Subsequently, the inference unit 40 computes the metric values of the generated division candidates (S202), and computes the prediction accuracy by applying the metric values to the regression equation (S203). Thereafter, the inference unit 40 sorts, ranks, and displays the generated division candidates on the basis of the computed metric values (S204).
Next, specific examples of the generation of a regression equation using the above-described first molecule and the calculation of the potential energy of the second molecule will be described with reference to FIGS. 9 to 15. Here, alanine (C3H7NO2) is used as an example of the computable first molecule, and heptanoic acid (C7H14O2) is used as an example of the second molecule to be computed.

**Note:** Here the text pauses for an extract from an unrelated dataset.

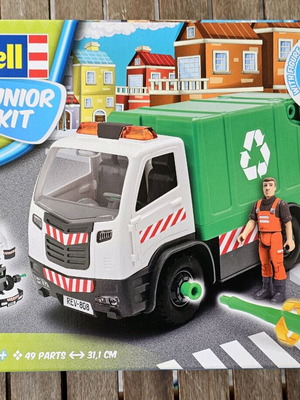 Revell Junior Kit Garbage Truck New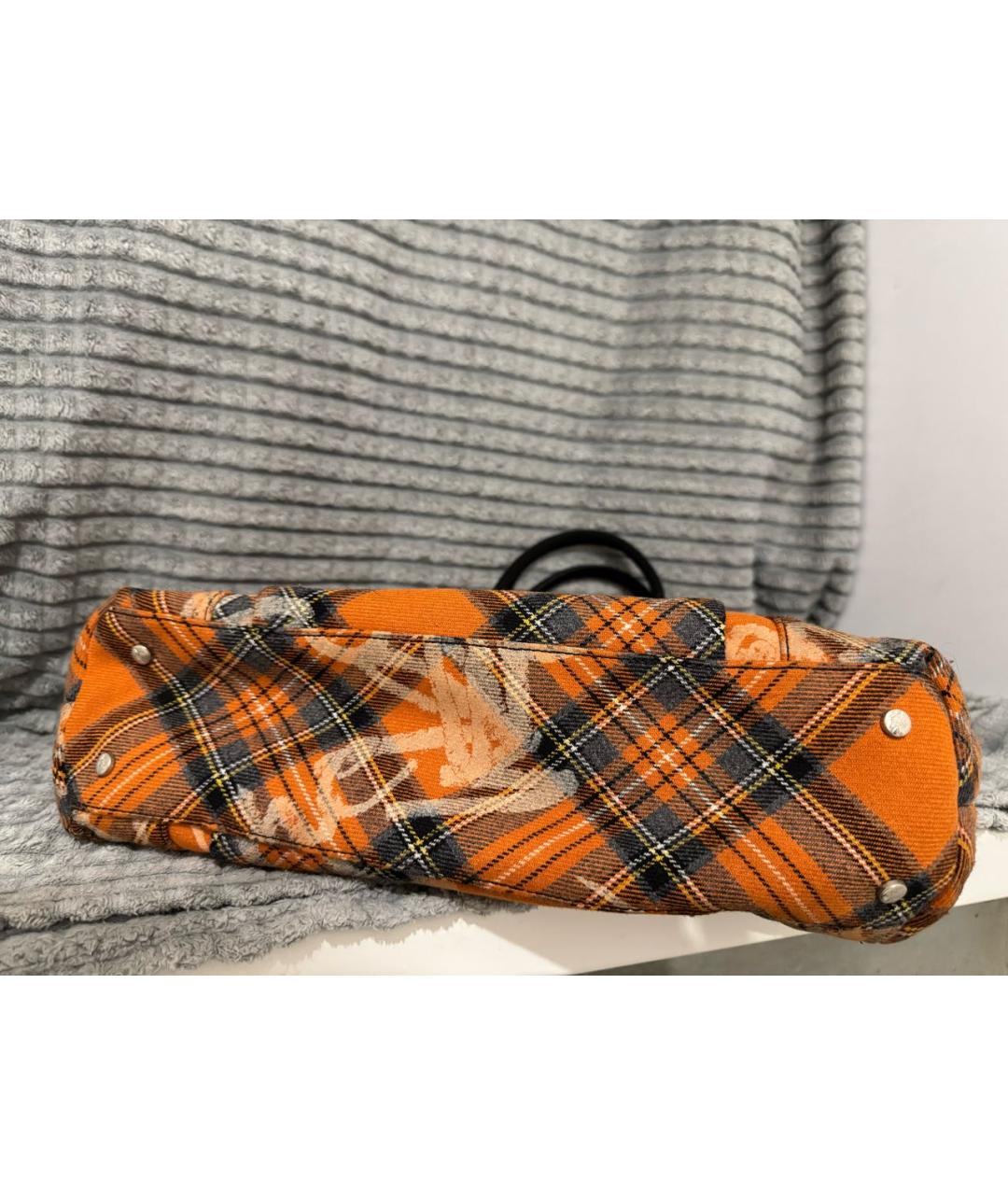 VIVIENNE WESTWOOD Оранжевая хлопковая сумка с короткими ручками, фото 3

First, the information processing apparatus 10 breaks down alanine into a plurality of division patterns with the computable number of orbitals as an upper limit of the total number of orbitals of each subset. FIG. 9 is a diagram illustrating a specific example of a division pattern. As illustrated in FIG. 9, the information processing apparatus 10 generates a pattern obtained by dividing atoms included in alanine (C3H7NO2) to a plurality of subsets by breadth-first search in consideration of the connection in the molecular structure under the constraint that the number of orbitals is not greater than the limit of the number of orbitals of “8”. Here, a breadth-first search starting from an atom connected to only one other atom is used.
For example, the information processing apparatus 10 generates a pattern “O, O, N, C, C, C, H, H, H, H, H, H, H” with each atom as a subset. The maximum number of orbitals in this pattern is “N=5, O=5, and C=5” and is not greater than the limit value of the number of orbitals (8), and accordingly this pattern is adopted as the search result (ID=0).
From the pattern of “ID=0”, the information processing apparatus 10 then generates a pattern “O, O, N, CH, C, C, H, H, H, H, H, H” in which “C” and the adjacent “H” are bonded to each other in accordance with the molecular structure. The maximum number of orbitals in this pattern is “CH=5+1=6” and is not greater than the limit value of the number of orbitals (8), and accordingly this pattern is adopted as the search result (ID=1).
From the pattern of “ID=1”, the information processing apparatus 10 further generates a pattern “O, O, N, CH, CH, C, H, H, H, H, H” in which “C” and the adjacent “H” are bonded to each other in accordance with the molecular structure. The maximum number of orbitals in this pattern is “CH=5+1=6” and is not greater than the limit value of the number of orbitals (8), and accordingly this pattern is adopted as the search result (ID=2).
From the pattern of “ID=2”, the information processing apparatus 10 then generates a pattern “O, O, N, CH, CHH, C, H, H, H, H” in which “CH” and the adjacent “H” are bonded to each other in accordance with the molecular structure. The maximum number of orbitals in this pattern is “CHH=5+1+1=7” and is not greater than the limit value of the number of orbitals (8), and accordingly this pattern is adopted as the search result (ID=3).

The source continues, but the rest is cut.